For instance, the most gasoline is used during starting up from a dead stop, but smart systems can eliminate that waste with a start-stop strategy. While braking to come to a stop a generator stores that energy in a battery of supercapacitor, then a small electric motor is used to start the car back up off-the-line making a dramatic impact on fuel efficiency, according to Ullal, who claims that 90% of Fairchild’s revenue comes from power solutions.
Ullal told EE Times:
For an smarter energy efficient start-stop systems, you need what we make, an integrated starter and generator. Auto makers want reliability, better quality, but the most important thing is time to market. Those companies who can put these subsystems in a really neat package with low parasitics, high energy density, high quality, high reliability plus be cost effective — you are probably looking at two guys — Fairchild and maybe Infineon.
Fairchild’s purchase of Xsens was a strategic move to make sure they had the technology for the brave-new-world of applications that need to know where they are, where they are going and how fast they are going to get there.
"Anything that moves," Ullal told EE Times. "If you want to make that thing smarter, that thing has to know where it is with some precision, it needs to know what direction its moving, and it needs to know how fast its moving — and that means MEMS sensors."
Ullal claims that MEMS sensors will eventually be a standard part of almost everything we make — even our clothing may need to know where it is, what it is doing and where it is going.
Ullal was tight lipped about exactly how Xsens is going to fit into their application centric strategy, but he did give a few hints, saying acquiring Xsens was a long-term strategic move.
Ullal said:
The miracle of Moore’s Law is that the smaller you make it, the faster and lower power it is, but not so with MEMS. With MEMS shrinking everything makes it worse. What we want to do instead is leverage sensor-fusion with MEMS, which is what Xsens does best. With MEMS sensors, we will know what our devices are doing in order to put together much smarter systems that can bring down the power of the whole system by a factor of 10.

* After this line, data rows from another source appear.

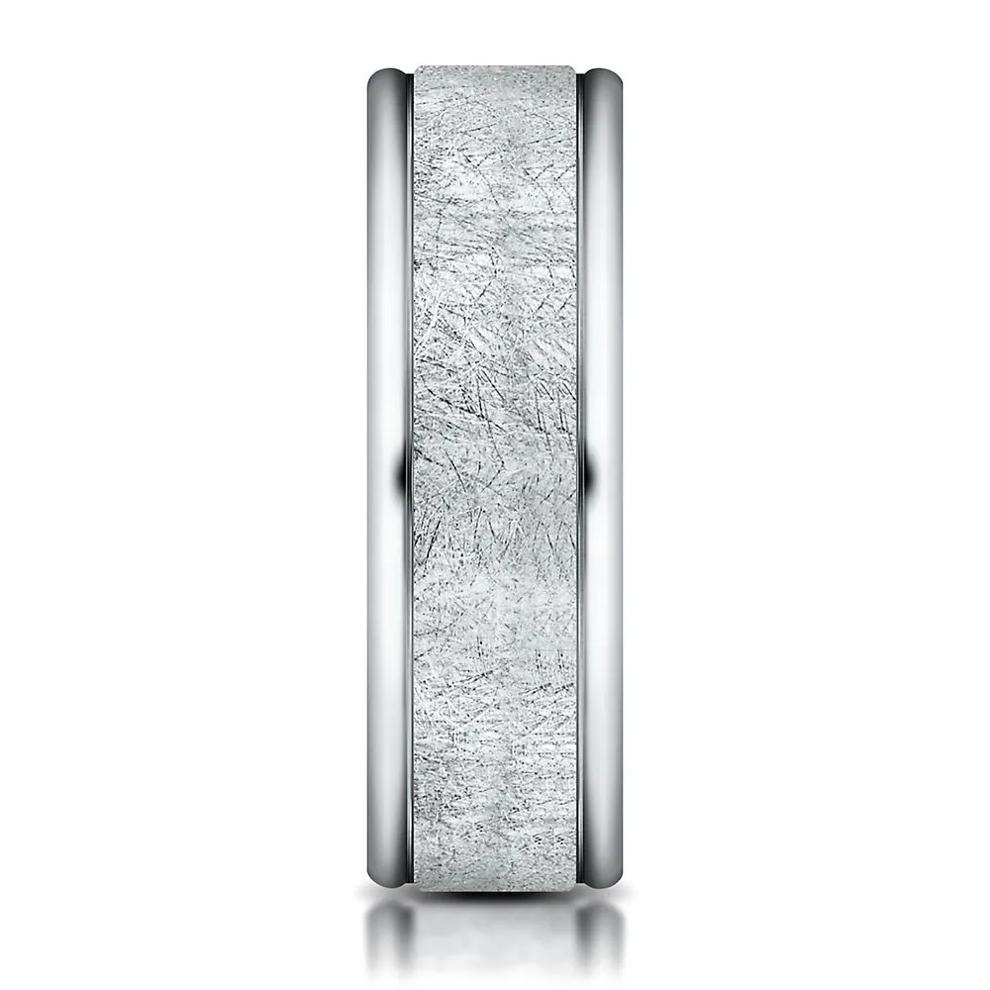 Men's Band in White Cobalt, 6.5MM – Image 3 of 3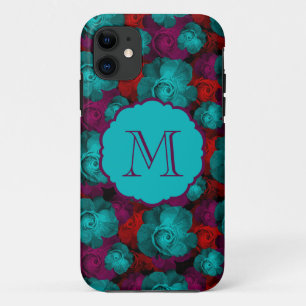 Capa Para iPhone Da Case-Mate Padrão de Rosas Funky Negrito Monograma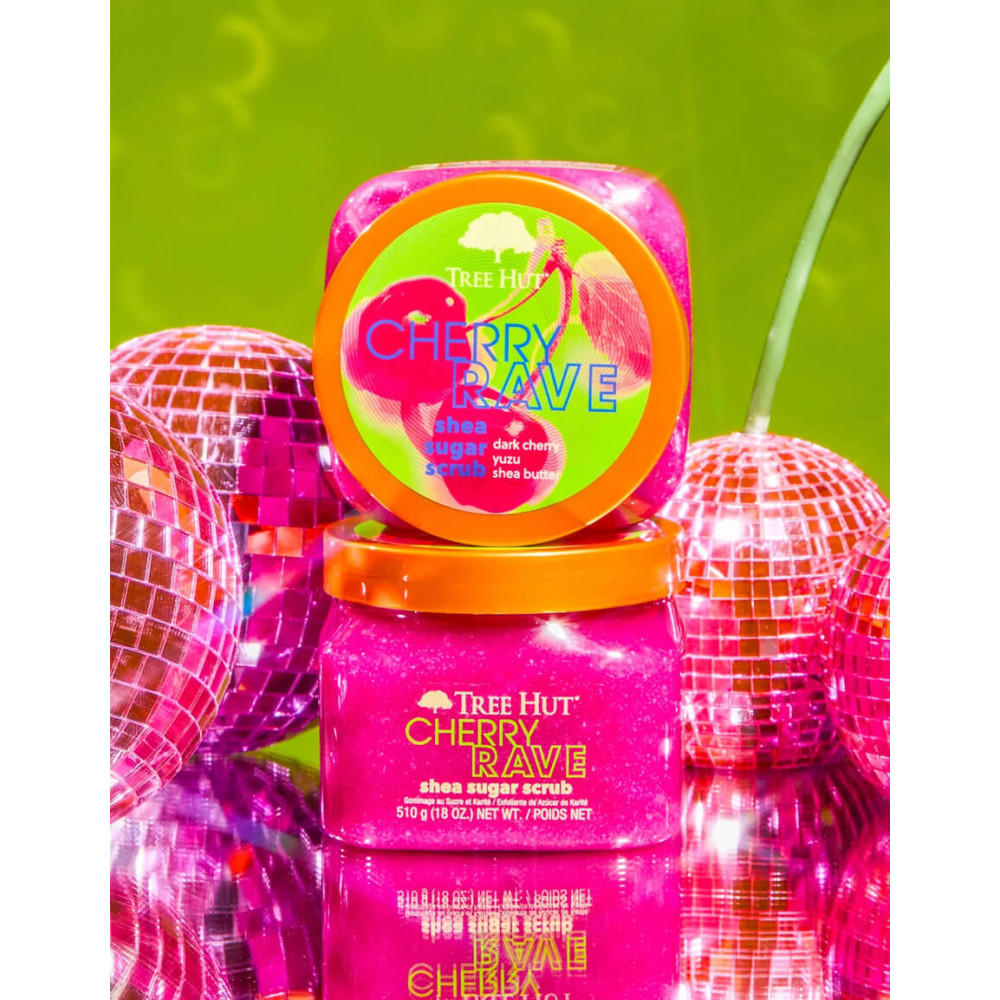 Скраб для тіла "Вишнева вечірка" - Tree Hut Tropic Sugar Scrub Cherry Rave фото 3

Ulall then rattled off a whole list of projects that could leverage MEMS sensors to achieve Fairchild’s strategic goal of better energy efficiency. Air conditioners, for instance, are always blasting away at maximum speed no matter what, but by using sensor fusion Fairchild plans to make air conditions only use energy when they need it.
By using MEMS sensor fusion to determine how many people are in the room, the air conditioner can run at an optimal speed for that number of people. NEST‘s thermostat works on this principle.
Ullal told EE Times:
We don’t have anything to do with NEST, but what I am trying to tell you is that motion tracking in terms of motors can accomplish the same thing that NEST does with heating and air conditioning. And in fact 50 percent of the energy used in the world is used by motors. So if we can make a motors more intelligence, that is going to make a much bigger impact on energy consumption. Today brush motors are about 35 percent efficient but by going to induction your are about 70 percent efficient — and by making induction motors smarter they could be 75-to-80 percent efficient.
He also gave the example of robotic controlled lawn mowers and vacuum cleaners. By using sensors an automatic lawn mower could be super precise — never mowing a spot twice. And the same thing is true of robotic vacuum cleans which today use 300% of the amount of energy it could by going over the same places over and over. An smarter vacuum cleaner would also not vacuum on a schedule, but survey the floor and only clean it when it is dirty.
"Over the last three years we have had a massive transformation in the culture of the company, we have become a lot more forward thinking, a lot more progressive, a lot more open. We’ve become a lot more willing to take risks and I can’t wait to see what will happen in the next few years."